さて、そんな貫禄の指揮者とともに演奏するのは若手のオーケストラ。いつも若さほとばしる痛快な演奏を聴かせてくれるので気持ちが良い。今日の1曲目はMTTの自作自演曲。独特のブラスの和音がバーンスタインを彷彿とさせるものだった。怪しいところがないこともなかったが、どうしてこれだけの演奏ができようか。即戦力になること間違いなしだ。
メインはマーラーの5番。3月に京響で聴いたときは、自分の集中力が足りなかったせいか、曲についていけなかったので、今日は神経を研ぎ澄ませて挑んだ。結果としては隅々まで楽しめましたが、良くも悪くも複雑な演奏でした。まず冒頭。トランペットは女性奏者で、今日一番の功労者だったでしょう。かなり緊張しているようでしたが、いい音色出してました。その後に続く弦楽器のアンサンブルには正直ドキッとしました。たっぷりと哀愁に満ちて歌うフレーズなので聞き入っちゃいました。管楽器と弦楽器の対称的な扱いに意味持たせてあるんだろうなぁ。そう思いつつ、第2楽章は間髪入れずに突入。MTTは時折ニヤリとするようなアクセントを入れる他は、どちらかといえば遅めのテンポでオーソドックスに展開した。

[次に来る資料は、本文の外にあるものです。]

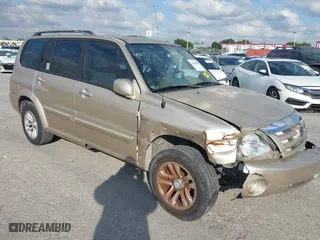 2006 Suzuki XL-7 with VIN JS3TY92V064101982, listed as a IAAI auction lot 41284585 with 237,353 mi miles. Bid and sale history available at carsss.com. Image 1.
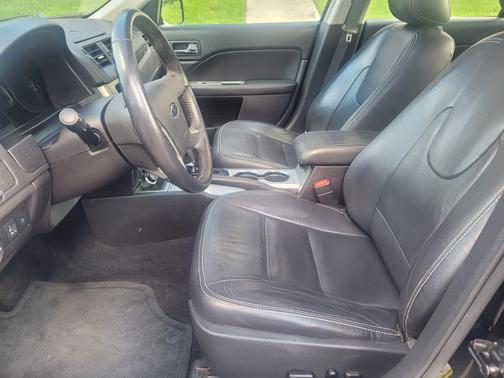 Photo 5 of 13 of 2012 Ford Fusion SEL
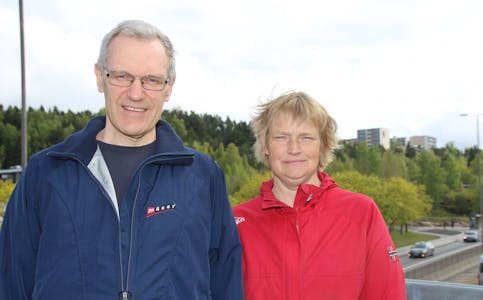 VIL VISE RAVNKOLLEN: Frode O. Hansen og Heidi Trøen inviterer til omvisning i utbyggings-truede Ravnkollen. Foto:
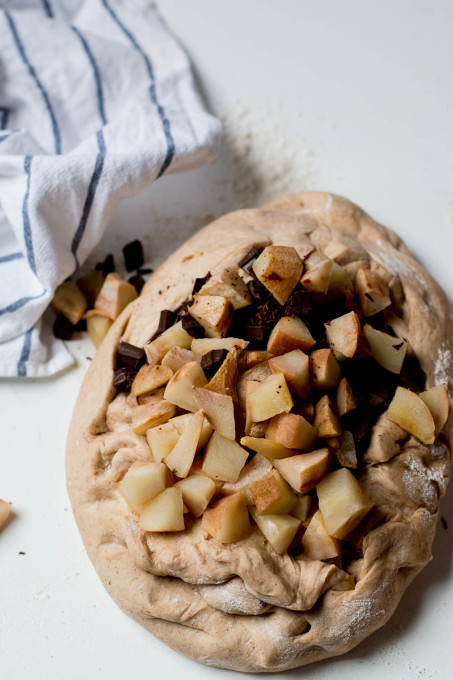 sweetoothgirl: PEAR &amp; CHOCOLATE HOT CROSS BUNS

第3楽章からはオケの乱れが徐々に顕著になる。中間部の木管アンサンブルはヤバかったですね。軌道修正も効かずズレたままでした(汗)。第4楽章は第1楽章冒頭の弦のようによく歌ってましたので、このまま深みが出たら最強の演奏になろうかと思います。最終楽章はミスも連発でしたが、若さゆえの痛快なフィナーレだったと思う。今年のPMFは弦楽器以外、完成度がまだまだに思った。MTTの指揮は、きちんと意図が伝わる一流オケじゃないと真の楽しみ方ができないような、繊細な解釈に感じた。“MTTらしさ”も聴かれませんでしたしね。終演後もサイン会はなく足早に車に乗り込んでいた。窓から手を振ったら、合掌して「ゴメン」っジェスチャーをしてました。かなりお疲れの表情でした。。。